▸ **Required work**
When you reach the line holding "Lorcana TCG Elsa" in the material below, return that line and each one after it, word for word, with the pictures dropped.

▸ **Supplied data**
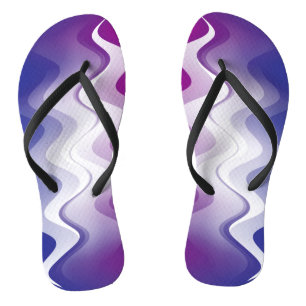 Blaue lila weiße Paar Flip Flops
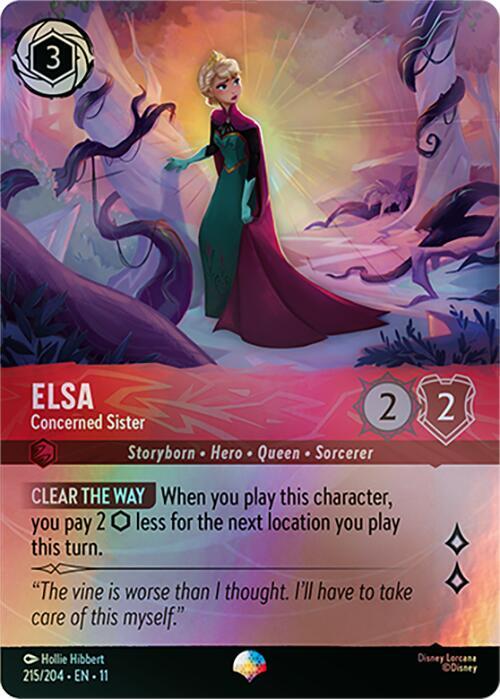 Lorcana TCG Elsa - Concerned Sister #215/204 Winterspell Epic Holofoil Near Mint English Trading Card — catalog front, TCGplayer SKU 9132975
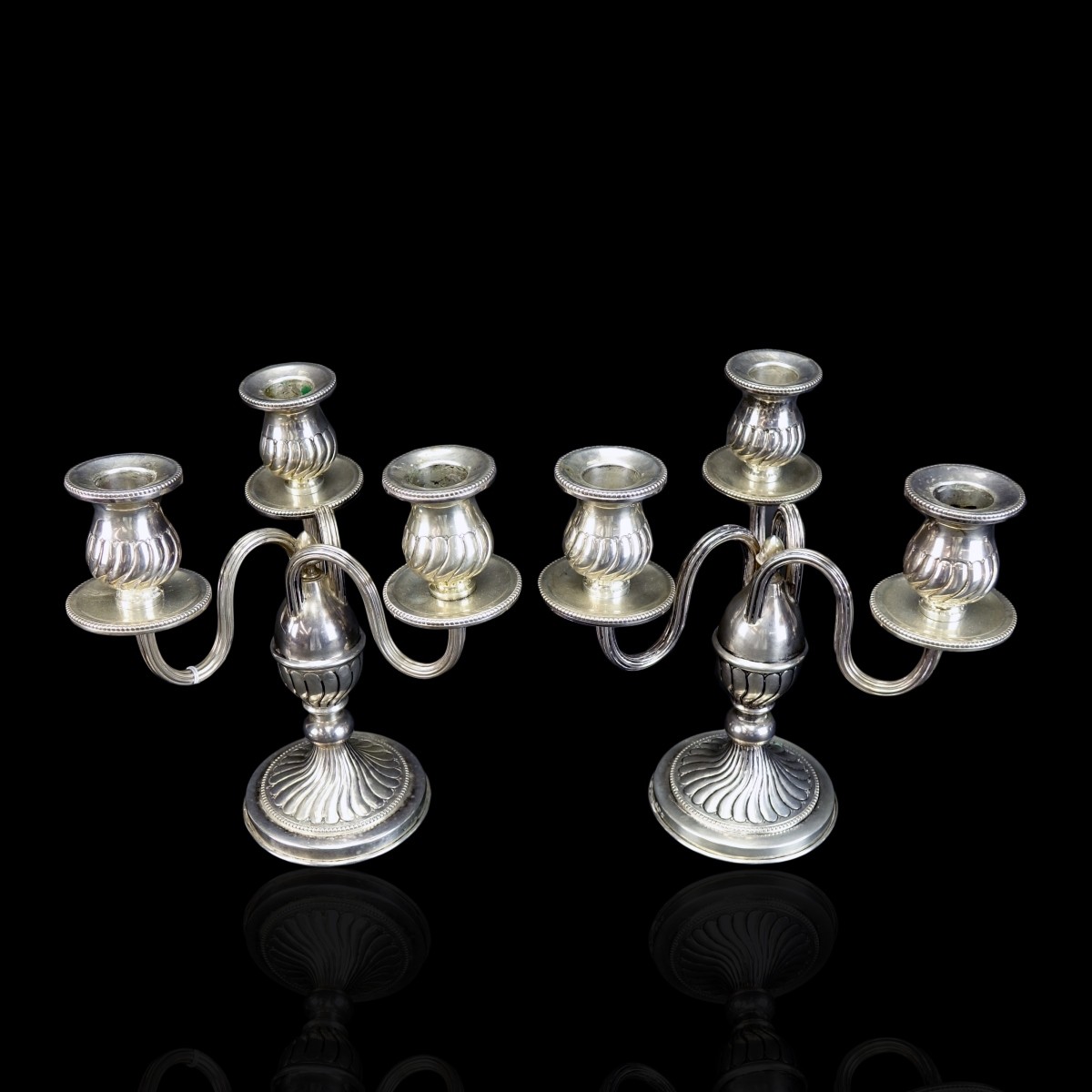 Pr Continental Silver 3 Arm Candelabra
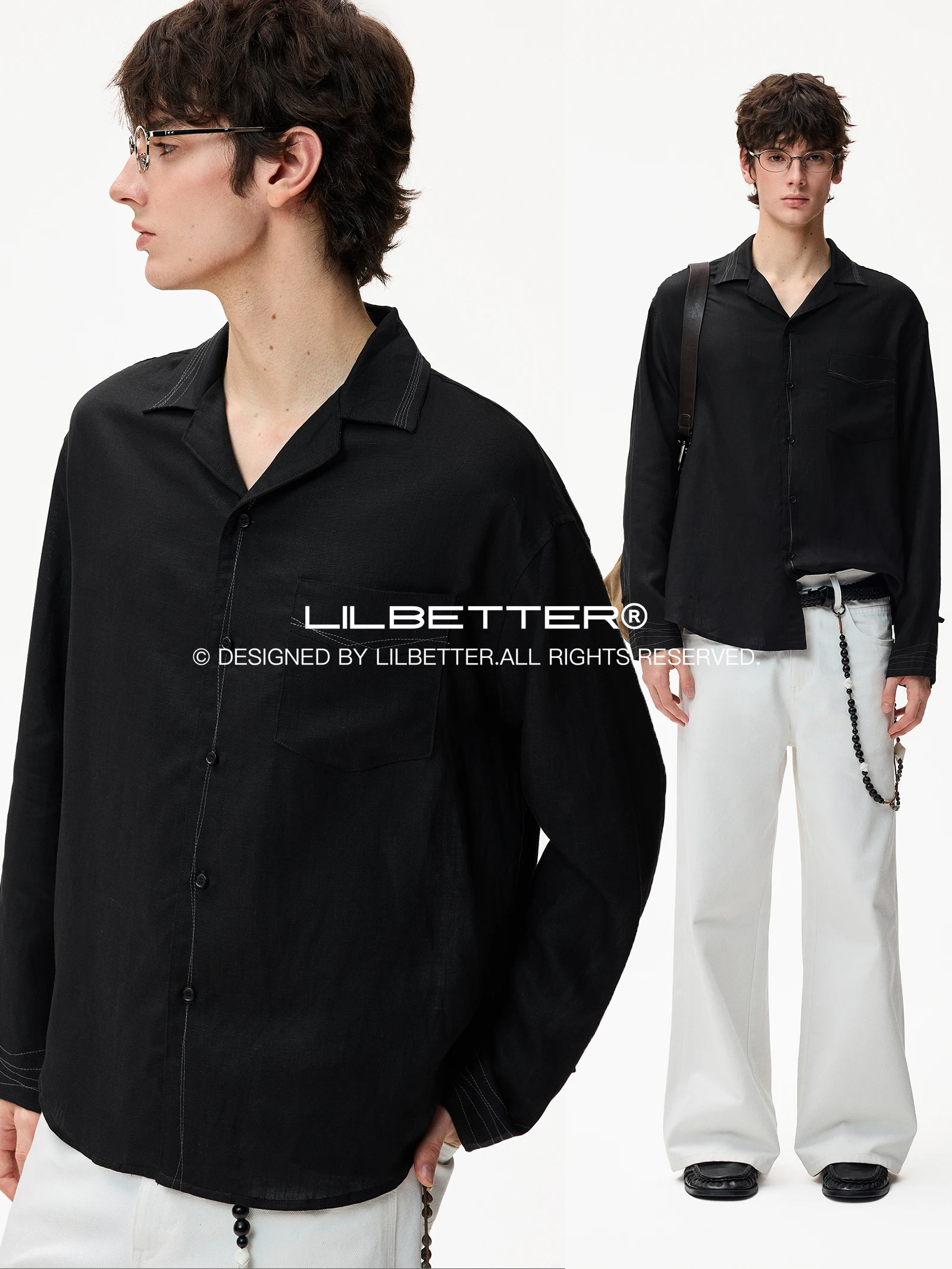 Lilbetter Long Sleeve Shirt Loose Fit Cuban Collar Textured Sensation  Linen Mixed Fashion Urban Style Men's Outerwear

▸ **Solved problem**
 Lorcana TCG Elsa - Concerned Sister #215/204 Winterspell Epic Holofoil Near Mint English Trading Card — catalog front, TCGplayer SKU 9132975
 Pr Continental Silver 3 Arm Candelabra
 Lilbetter Long Sleeve Shirt Loose Fit Cuban Collar Textured Sensation  Linen Mixed Fashion Urban Style Men's Outerwear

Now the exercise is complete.